Introduction

One of the more complicated topics in the area of database management is the process of normalizing the tables in a relational database. These notes are intended to provide you with an overview of this topic, which I hope will be helpful to you after you have gained some familiarity with the ideas of, and techniques used in, normalization.

The underlying ideas in normalization are simple enough. Through normalization we want to design for our relational database a set of files that (1) contain all the data necessary for the purposes that the database is to serve, (2) have as little redundancy as possible, (3) accommodate multiple values for types of data that require them, (4) permit efficient updates of the data in the database, and (5) avoid the danger of losing data unknowingly.

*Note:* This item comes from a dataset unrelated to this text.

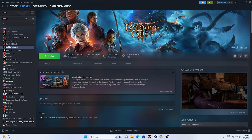Hello everyone, welcome back to Gaming Flow. In this video we're going to talk about how to fix Baldur's Gate 3 crashing issues, not launching, freezing and stuttering, stuck on a loading screen, low FPS drops, and even black screen issues which are happening for many users right now. So let's dive into the workarounds.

The primary reason for normalizing databases to at least the level of the 3rd Normal Form (the levels are explained below) is that normalization is a potent weapon against the possible corruption of databases stemming from what are called "insertion anomalies," "deletion anomalies," and "update anomalies." These types of error can creep into databases that are insufficiently normalized.

An "insertion anomaly" is a failure to place information about a new database entry into all the places in the database where information about that new entry needs to be stored. In a properly normalized database, information about a new entry needs to be inserted into only one place in the database; in an inadequately normalized database, information about a new entry may need to be inserted into more than one place, and, human fallibility being what it is, some of the needed additional insertions may be missed.

A "deletion anomaly" is a failure to remove information about an existing database entry when it is time to remove that entry. In a properly normalized database, information about an old, to-be-gotten-rid-of entry needs to be deleted from only one place in the database; in an inadequately normalized database, information about that old entry may need to be deleted from more than one place, and, human fallibility being what it is, some of the needed additional deletions may be missed.

An update of a database involves modifications that may be additions, deletions, or both. Thus "update anomalies" can be either of the kinds of anomalies discussed above.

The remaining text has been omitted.